Questa proliferazione di meme – che siano frutto del lavoro ufficiale dei politici e dei loro team, figli di qualche cosiddetta “fabbrica di troll” oppure autenticamente di un singolo utente della rete – ci pone inevitabilmente davanti a una serie di rischi, che vanno al di là della “semplice” moltiplicazione di falsità e messaggi di odio. Come scrive la psicologa Tiziana Metitieri riprendendo tesi di Emily Wong e Keith Holyoak dell’Università della California, “I meme servono a cristallizzare gli argomenti in forme compatte e facilmente condivisibili, fornendo un potente strumento di persuasione, mobilitazione e raggiungimento di un nuovo pubblico. All'interno delle comunità che li fanno circolare, i meme riflettono un tentativo di gestire il presente […] Tuttavia, per le stesse spinte della tecnologia della comunicazione digitale e dei cicli infiniti di notizie, fissati sulle esperienze del momento presente, siamo portati a trasmettere frettolosamente messaggi disumanizzanti e a costruire memorie condivise distorte.” L’esempio che ritorna è quello della guerra in Ucraina, riguardo alla quale l’ondata di meme può contribuire alla desensibilizzazione dell’utente, portato, per ridurre all’osso il ragionamento, a considerare il conflitto poco più che uno sfondo per la produzione di motti di spirito (e anche le critiche sulla qualità comica di questi ultimi le rimandiamo ad altra sede).

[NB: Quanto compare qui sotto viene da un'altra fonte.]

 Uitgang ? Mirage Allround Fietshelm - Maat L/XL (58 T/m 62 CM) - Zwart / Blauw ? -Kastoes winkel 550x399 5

Ai tempi della guerra del Vietnam immagini e reportage, che per la prima volta raccontavano in profondità un conflitto del genere arrivando in ogni salotto, sono state carburante per i movimenti pacifisti americani. Poi altre tragedie successive sono state spettacolarizzate dal mezzo televisivo, portando alla stessa progressiva disumanizzazione denunciata nel caso dei meme sulla guerra russo-ucraina. Impossibile non vedere storie simili che si ripetono su media diversi, in un ciclo che porta grandi potenzialità a deragliare verso mostruose distorsioni.
L’altra costante, purtroppo, è la guerra, ben più antica e persistente di ogni immagine virtuale.